Your objective
Transcribe exactly, and without pictures, only the lines from the one bearing "39 Orchard Ct, Woodbury, NY 11797" through the final line of the data below.

Records provided

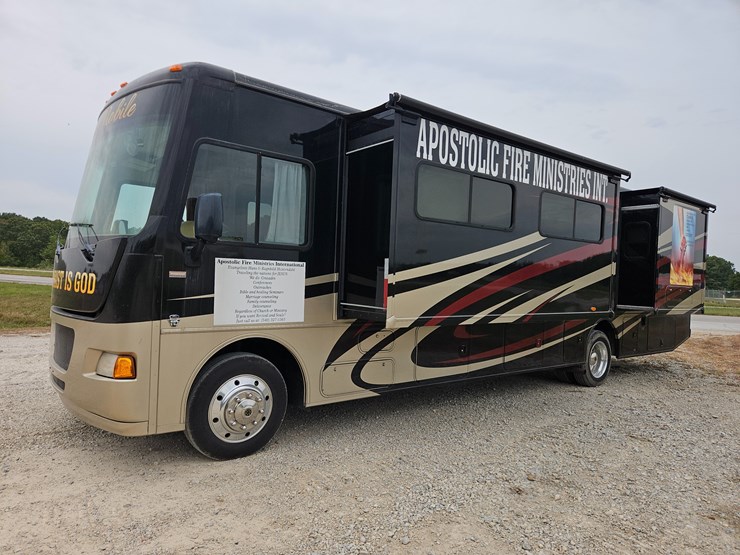 #21543-•-2014-ford-f53-motorhome-image-3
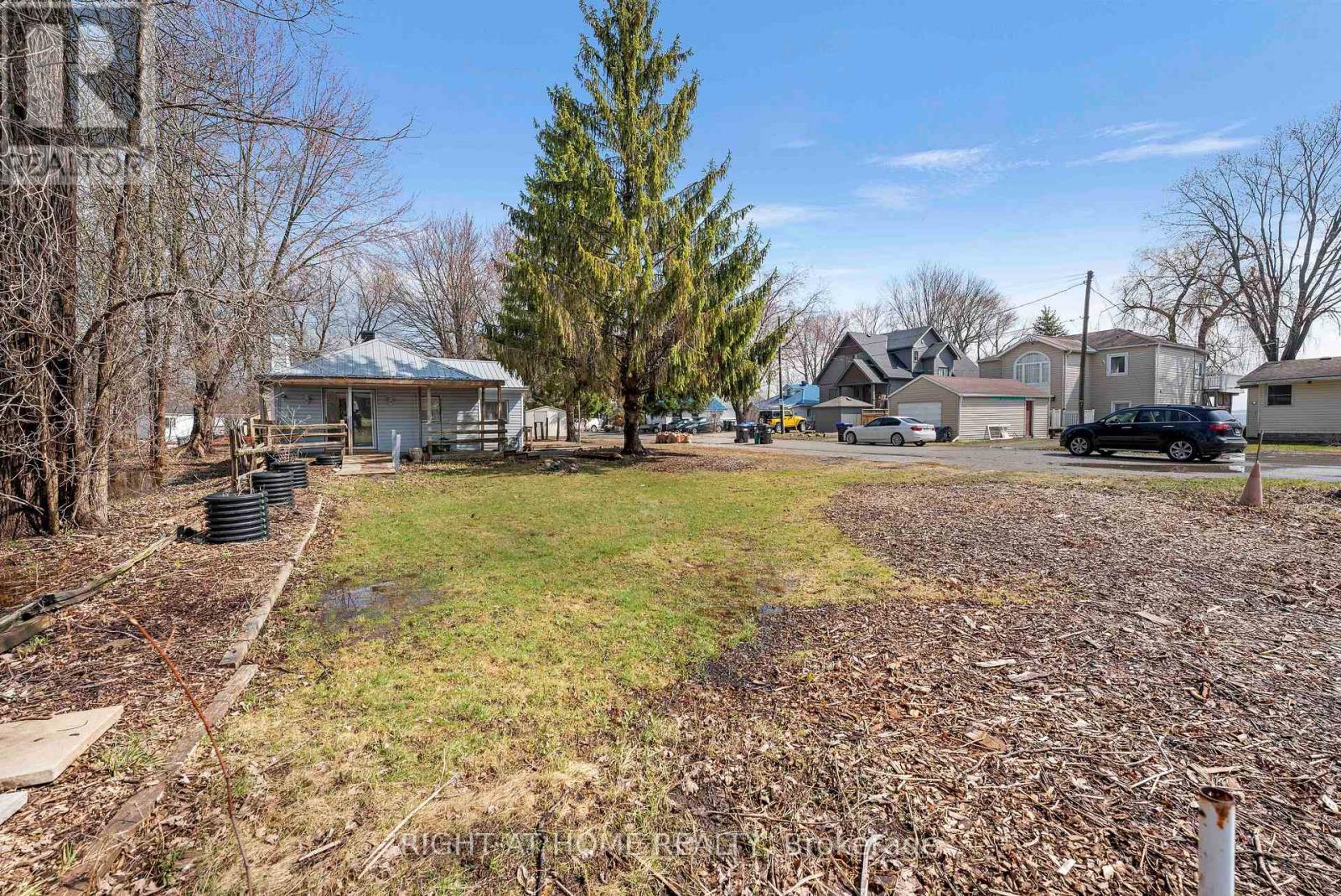 260 Beach Road, Innisfil (Gilford), Ontario  L0L 1R0 - Photo 33 - N13019110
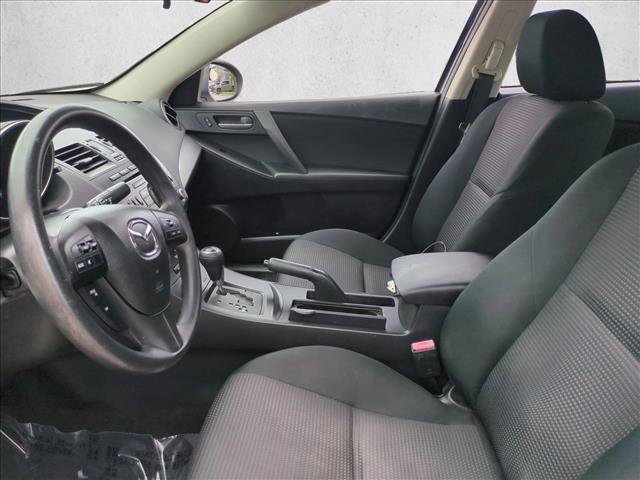 Used 2013 MAZDA MAZDA3 i Sport image 14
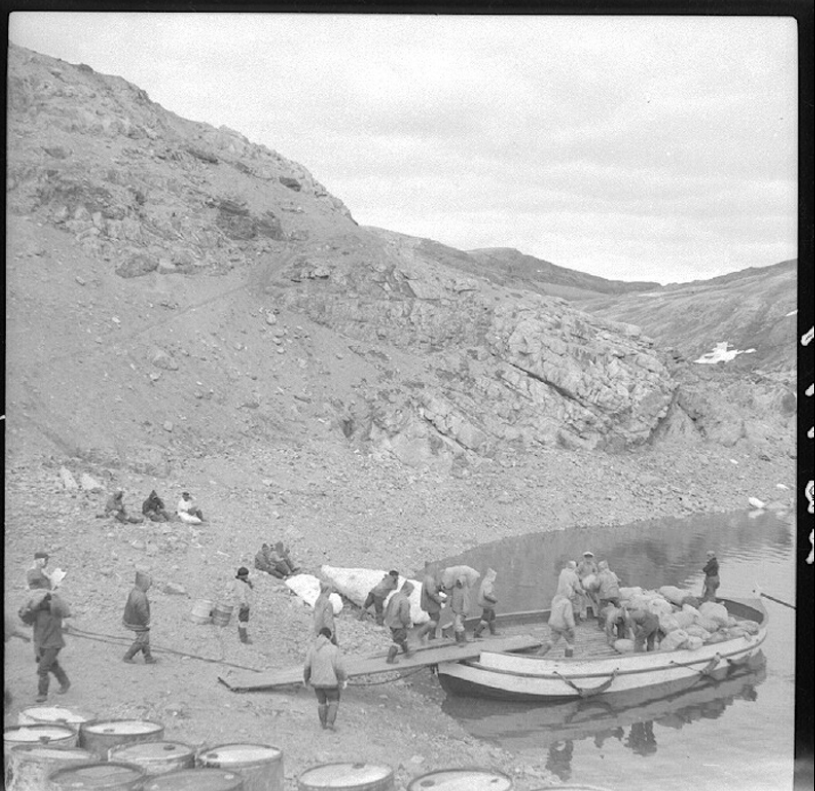 Série photographique : ravitaillement des postes de la compagnie de la Baie d’Hudson et patrouillage des eaux arctiques (BAnQ)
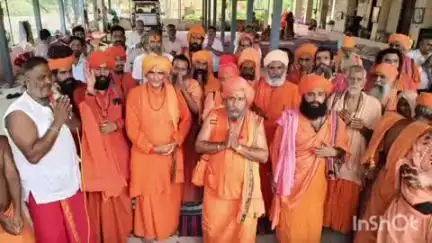सिरोही: अहमदाबाद विमान हादसे में मृतकों को श्रद्धांजलि, श्री आबूराज संत सेवा मंडल ने वेदनाथ महादेव मंदिर में किया शोक सभा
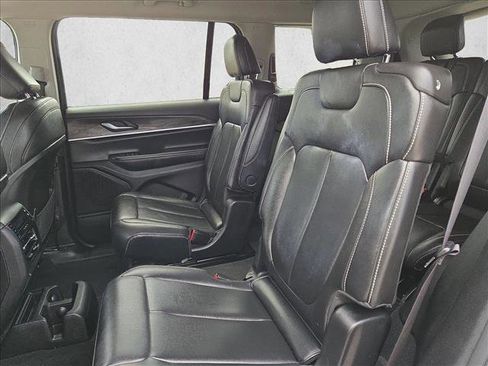 Used 2023 Jeep Grand Cherokee L Limited image 18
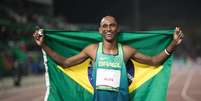 Alison dos Santos na ocasião em que bate recorde e vence na Diamond League  Foto: Jonne Roriz/COB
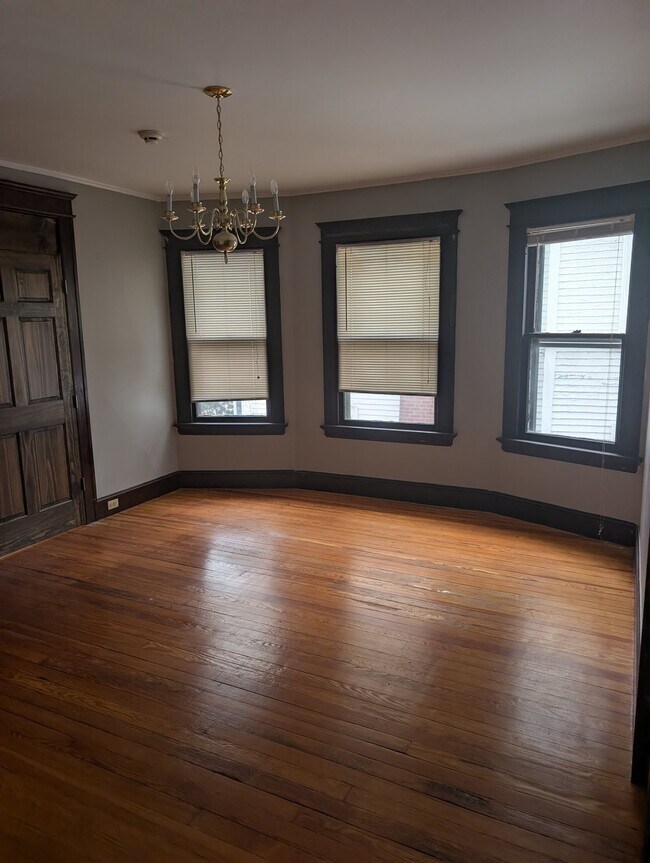 Building Photo - 168 Minerva St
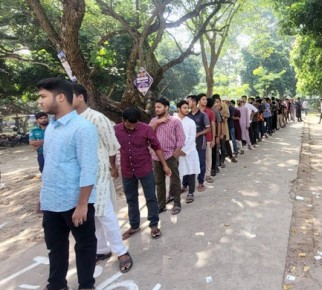 রাকসু নির্বাচনে ভোটগ্রহণ চলছে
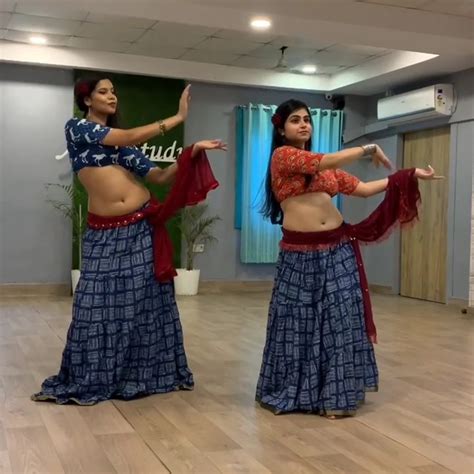 Desi Girl Belly Dance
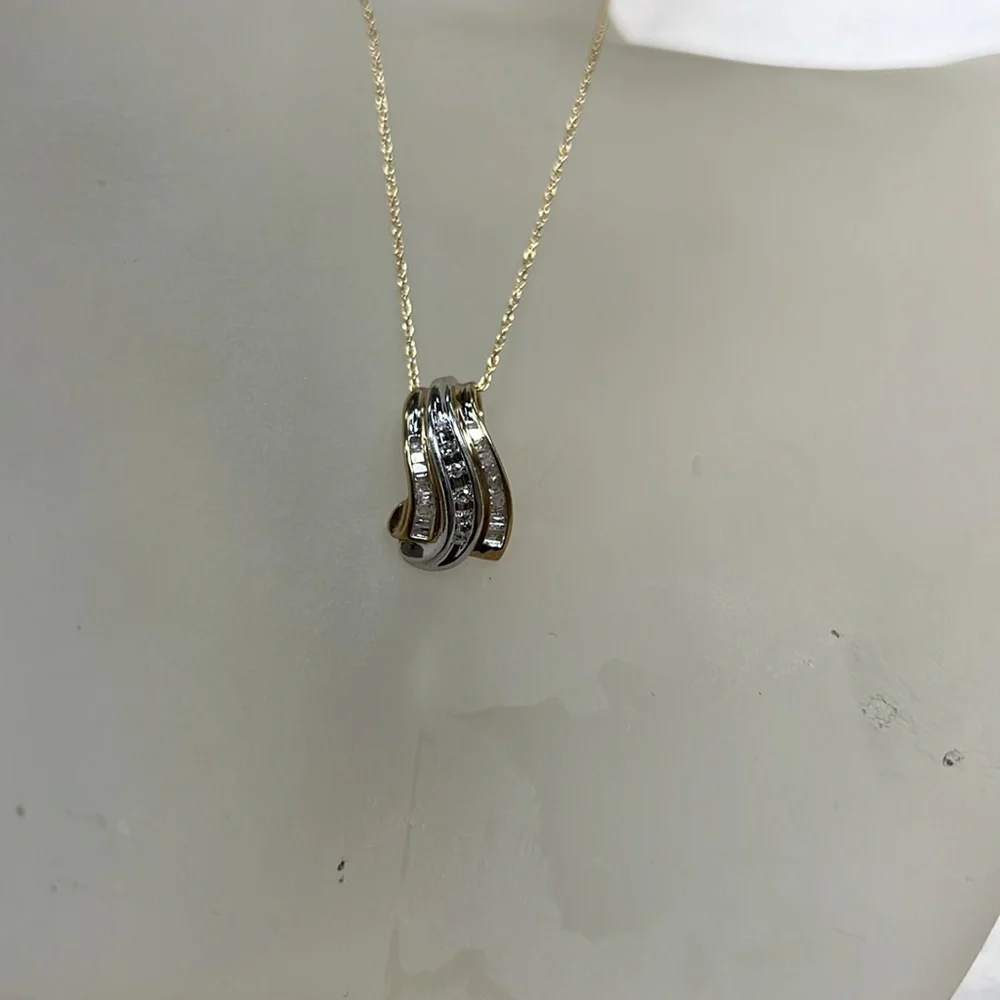 Round Diamonds 10K Gold Pendant - Picture 3 of 7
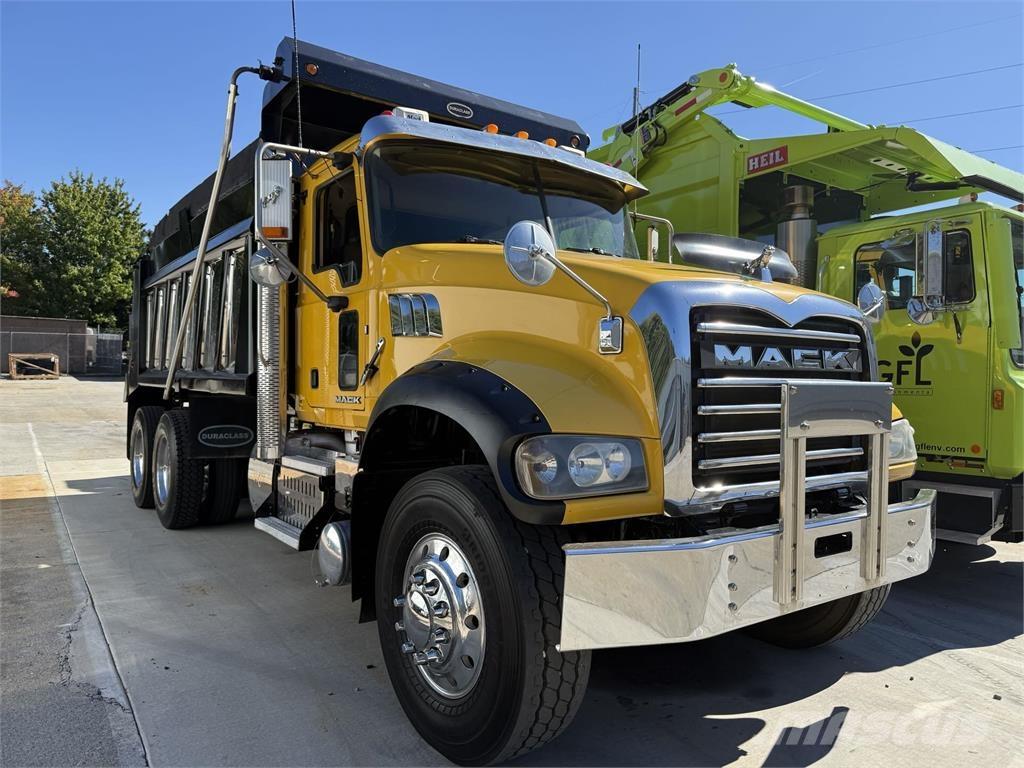 Mack GU713 덤프 트럭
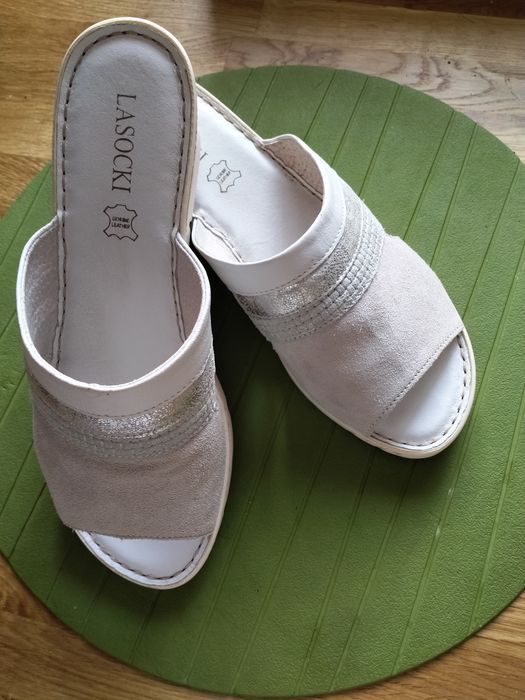 Nowe klapki Lasocki rozm. 39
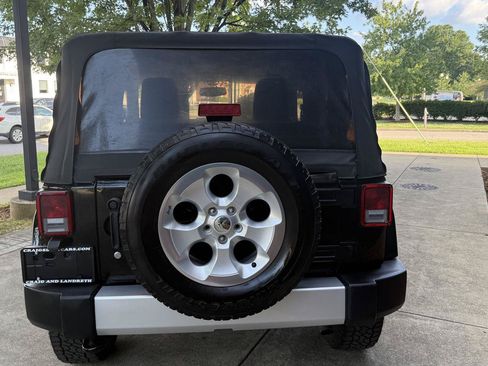 Used 2014 Jeep Wrangler Sahara w/ Connectivity Group AWD/4WD image 7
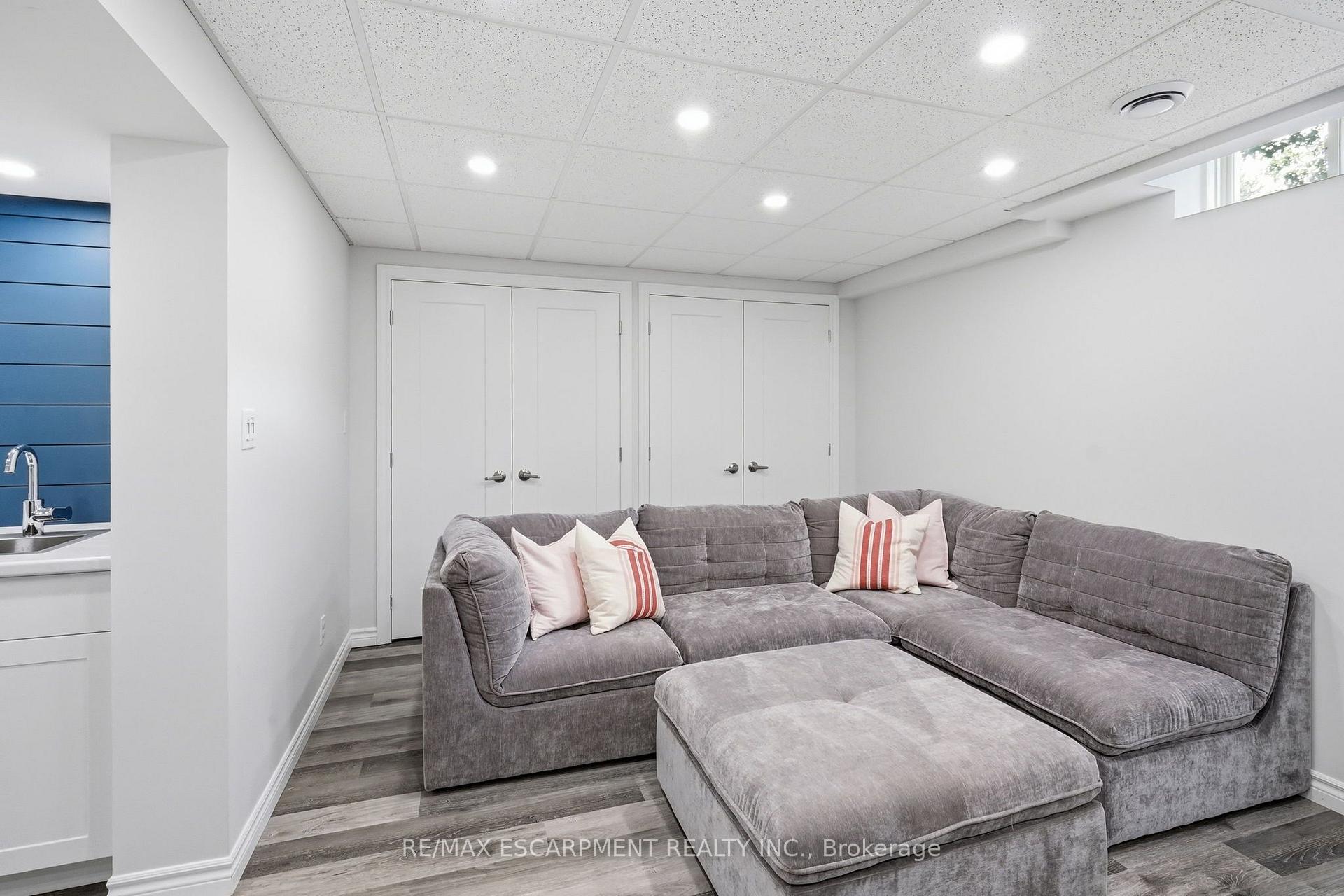 Photo 41 of 221 Nisbet Boulevard, Hamilton, Waterdown — HOMEH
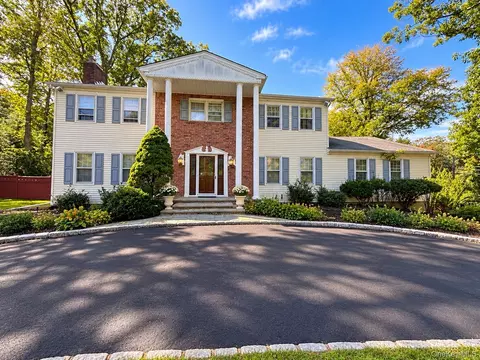 39 Orchard Ct, Woodbury, NY 11797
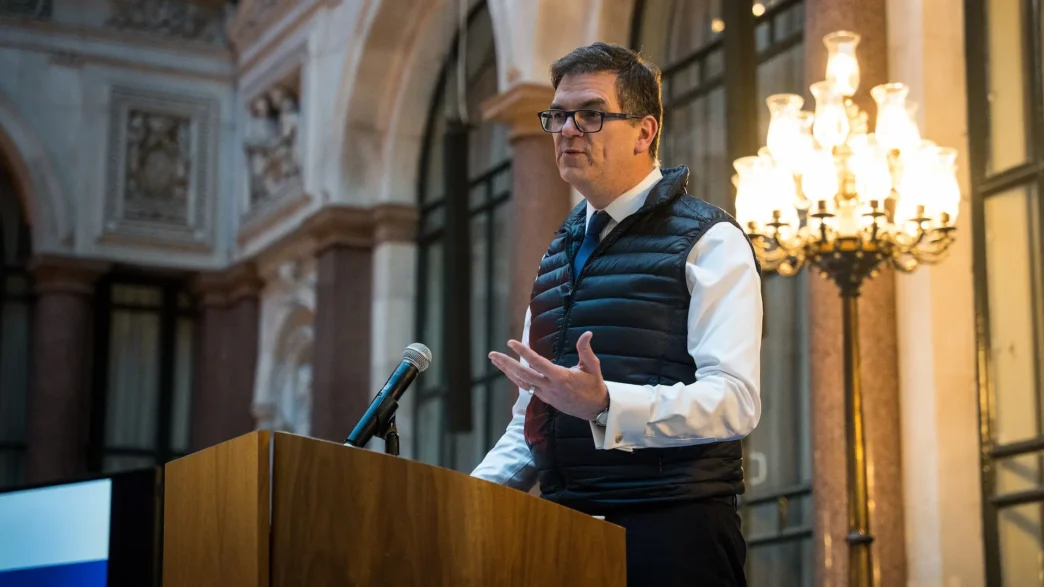 Londres, Reino Unido. El secretario permanente del Ministerio de Asuntos Exteriores británico, Olly Robbins, asiste al Iftar. Fotografía de Michael Peat / FCDO.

Exercise output
 39 Orchard Ct, Woodbury, NY 11797
 Londres, Reino Unido. El secretario permanente del Ministerio de Asuntos Exteriores británico, Olly Robbins, asiste al Iftar. Fotografía de Michael Peat / FCDO.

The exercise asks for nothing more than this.